Rob Wilson reappointed Minister for Civil Society | Sector leaders call for launch of sustainability fund | Panorama exposé did not affect public opinion, says Comic Relief

Plus: Charity campaigning has an undeservedly bad name, says peer | 92-year-old women 'hounded to death' by fundraising, newspapers claim | Trustee used charity to 'launder money made from a brothel'

Rob Wilson, the Minister for Civil Society
Rob Wilson, the Minister for Civil Society

Rob Wilson, the MP for Reading East, has retained his job as the Minister for Civil Society. The Cabinet Office confirmed that Wilson, who was appointed charities minister in September last year after the resignation of Brooks Newmark, will keep the brief after Prime Minister David Cameron's reshuffle.

Charity leaders, including Neil Cleeveley of Navca and Sir Stephen Bubb of Acevo, have called on Wilson to swiftly launch the long-awaited Local Sustainability Fund. The fund was first announced last year by Nick Hurd, the former Minister for Civil Society.

A BBC Panorama documentary that raised ethical concerns about Comic Relief's investments had little long-term effect on the charity's reputation, and its decision to immediately divest its suspect assets might have been too hasty, according to the charity's finance director. Helen Wright, the charity’s finance director, told delegates at the Charity Finance Group's annual conference that the public were "less sensitive than we sometimes think".
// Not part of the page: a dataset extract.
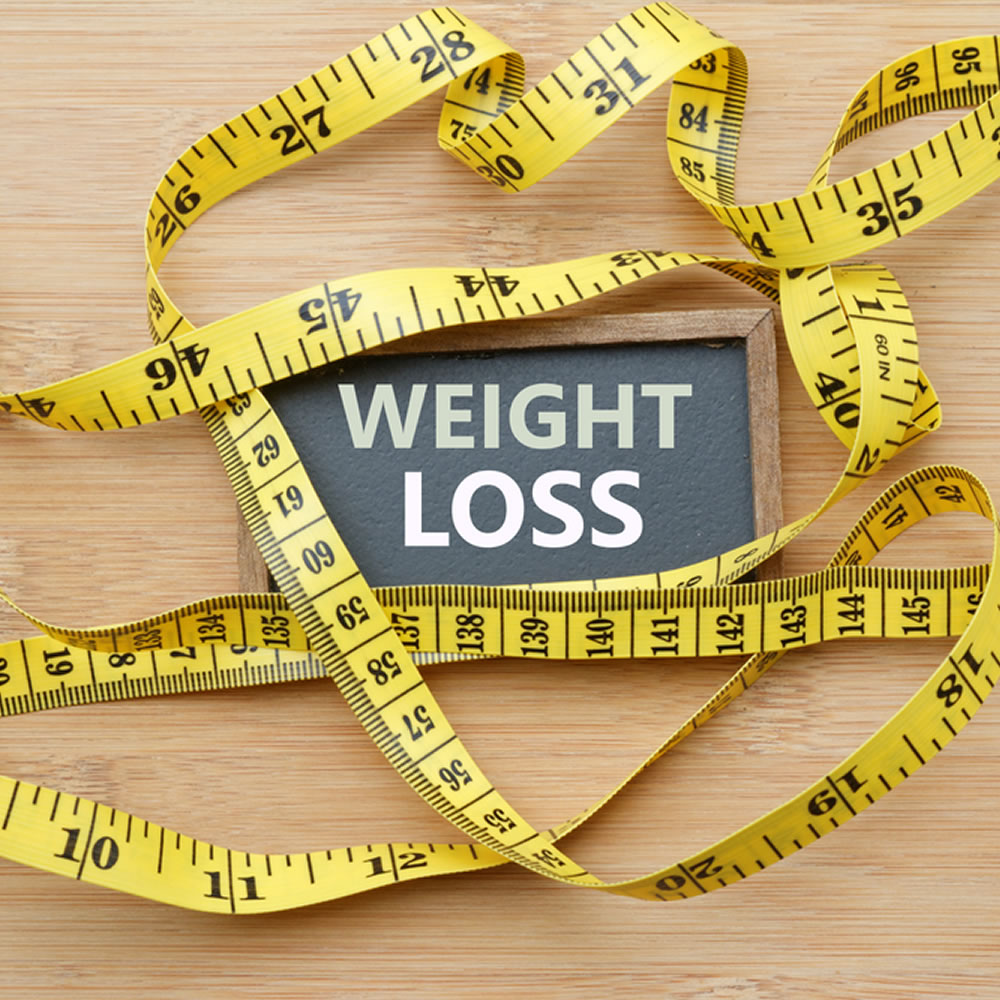 Compounded Semaglutide & Tirzepatide Affordable Weight Loss Solutions | Rock Ridge Pharmacy Compounded Semaglutide & Tirzepatide Affordable Weight Loss Solutions | Rock Ridge Pharmacy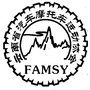 云南汽车摩托车运动公众号ico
Charity campaigning is being given an undeservedly bad name by people "promoting the notion that it is a dirty word", according to the crossbench peer Lord Low of Dalston. Low, who is leading a review of sector regulation for the charity leaders group Acevo, told a conference organised by the Directory of Social Change that one of his priorities for the Charity Commission would be for it to understand the importance of campaigning.

The mental health charity Mind is to look into whether it acted inappropriately after the death of a 92-year-old woman who allegedly received more than 260 fundraising letters from a variety of charities in one month. Many national newspapers prominently ran the story of the death of Olive Cooke, who was found in the Avon Gorge near the Clifton Suspension Bridge in Bristol last week, with several connecting her death to the volume of charity fundraising requests she received.

The Charity Commission has opened a statutory inquiry into the poverty charity Urban Relief after one of its trustees was jailed for using the charity to launder money made from a brothel. Francis Uwagbae, a trustee of the charity, was imprisoned for 10 months in January after he pleaded guilty at Blackfriars Crown Court in London of laundering money made from a brothel.